Savvy companies try to constantly improve their processes. Why? Continuous improvement enhances efficiency, lowers costs, and makes customers happy — ultimately increasing profitability.
How might you improve processes in your organization? Treat process improvement as a six-phase
First, select a process to improve
Second, examine that process for problems
Third, decide how to change the process
Fourth, acquire resources to make the changes
Fifth, carry out the changes
And sixth, evaluate the new process
To see how these six phases work in practice, let’s visit the Pagoda, a regional and expanding
restaurant chain. Sally, the operations manager, isn’t happy. A year ago, the Pagoda set a goal of launching a new entrée every three months. The first quarter, it barely launched the new offering in time. For the next two quarters, it failed entirely to meet the deadlines. Clearly, something’s wrong
with the entrée-development process. By noticing this, Sally has completed the first phase of process
improvement: selecting a process to improve.
Now she’s ready for the second phase: examining that process for problems. Sally talks with
everyone involved in entrée development to see how the process currently works. Here’s what she discovers: To develop new entrées, the chain’s head chef proposes a recipe at the beginning of every quarter. Then the accounting department analyzes the cost to determine financial feasibility. If the entrée is too expensive, it goes back to the head chef for revision. If it meets cost criteria, all chefs receive training on the recipe. After training is successfully completed, the company procures the ingredients needed for the new dish. Once the ingredients arrive, the company launches the entrée. Sally recognizes that this process is too linear and presents several problems. To begin with, developing only one new entrée at a time is risky. If the company has trouble procuring the ingredients for the dish once it is approved, the launch will be delayed. And the company won’t have a backup offering in place to launch within the three-month deadline. Also, by waiting until after training to procure ingredients, the company lengthens the process unnecessarily — risking further delays.

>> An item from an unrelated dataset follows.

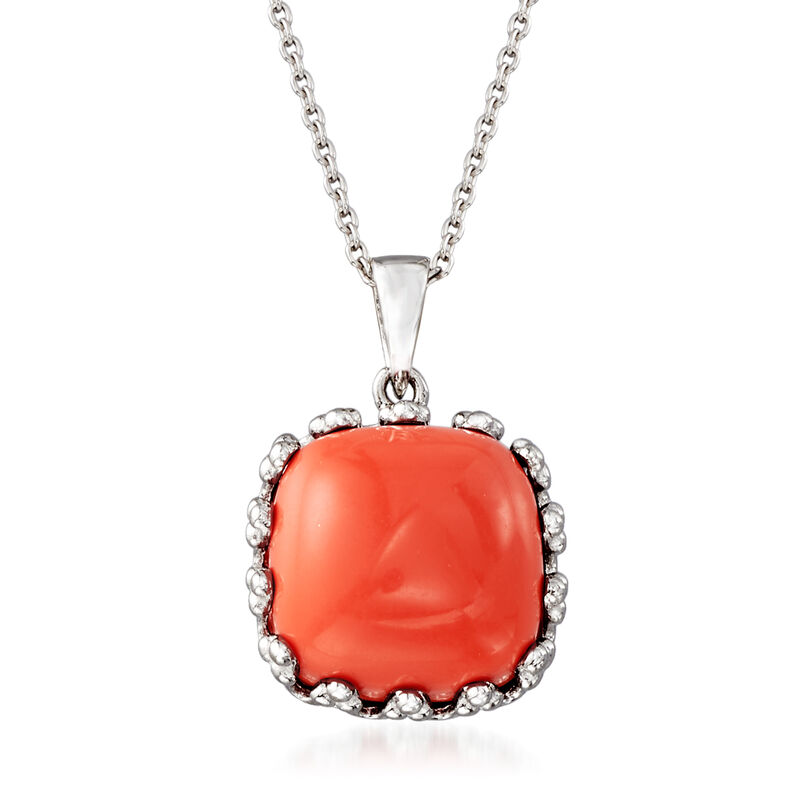 Coral Crown-Style Pendant Necklace in Sterling Silver image number 0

Sally now comes to the third phase of process improvement: deciding how to change the process.
Here’s what Sally recommends: At the beginning of every quarter, the head chef proposes three new
entrées instead of just one. Then the accounting department analyzes the costs to determine financial feasibility. If any of the proposed dishes is too expensive, it goes back for revision. For entrées that meet cost criteria, all chefs immediately begin training. Concurrent with training, the company procures the ingredients needed for the approved dishes. After procurement, the company launches a new offering at the end of the quarter.

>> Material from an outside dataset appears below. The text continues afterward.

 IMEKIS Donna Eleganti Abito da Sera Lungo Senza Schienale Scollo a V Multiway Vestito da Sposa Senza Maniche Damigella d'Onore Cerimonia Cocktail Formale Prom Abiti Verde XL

These changes could greatly improve the efficiency of the entrée development process. By developing several new dishes at once, the company will have backup possibilities in case something goes wrong with a proposed entrée. For example, if there is a shortage of needed ingredients, the company can quickly switch to another approved recipe. It will also have new recipes in the pipeline for the coming quarter. Finally, by carrying out training and procurement simultaneously, the company will significantly shorten the process.

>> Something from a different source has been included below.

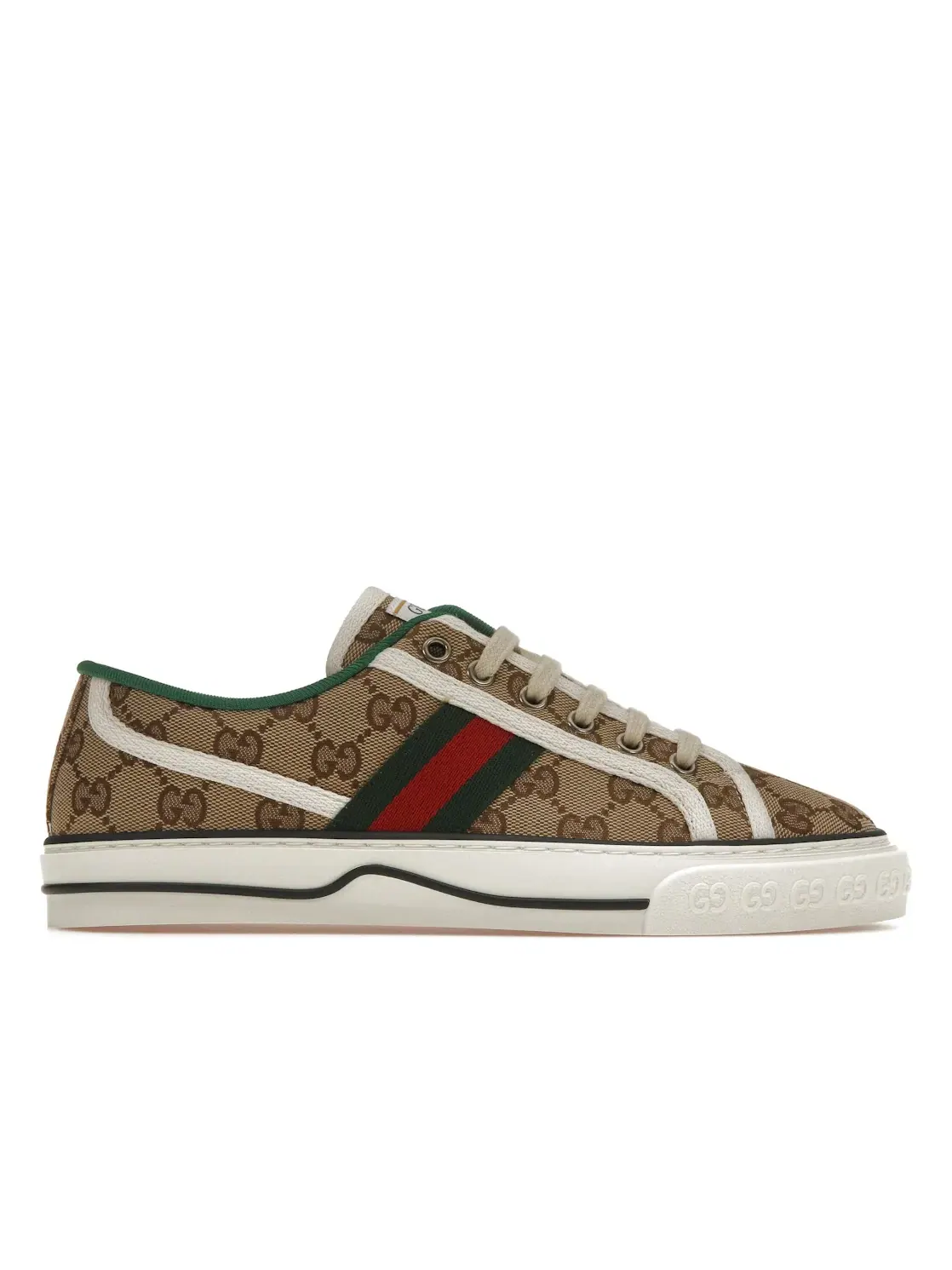 Кроссовки женские Gucci Tennis 1977 GG, с принтом GG — изображение 1 из 4, белый/красный/зеленый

Sally now moves to the fourth phase of process improvement: acquiring resources to make the
proposed changes. She hires an assistant to the head chef to help develop and revise proposed entrées — and to oversee the entrée-development process. That way, Sally can be sure that enough new dishes get proposed and approved every quarter.
Sally is ready for the fifth phase: carrying out the changes. At the beginning of the next quarter, the
head chef and assistant begin generating three proposed new dishes. Later, while chefs are being trained on newly approved entrées, the company procures the required ingredients. Over the next three quarters, Sally carries out the sixth phase of process improvement: evaluating the
new process. She tracks how well the company is meeting its goal of launching a new dish every quarter. And she further hones the entrée development process.
For example, the following quarter, the company again launches a new dish successfully. But at the end of the next quarter, several chefs have not fully mastered all the approved entrées. And the company once again fails to launch a new dish on time. Sally realizes that now that the chefs are learning several new recipes at once, they need more time for training. She arranges to start training earlier. The following quarter, the Pagoda proudly launches not one, but two new offerings — to rave
reviews from patrons. Sally is relieved to have surpassed the quarterly goal, after failing to meet several earlier goals.
Like Sally, you can continuously enhance important business processes in your own department. Whenever you notice mistakes happening or goals falling short, you know it’s time to improve a process. Remember the six phases of process improvement: Select a process that needs to be improved. Examine that process for problems, decide how to change it, and acquire any necessary resources. Carry out the changes and then evaluate the new process.
With every process improvement you make, you help your company function more efficiently and profitably. Everyone wins: you, your customers, and your organization.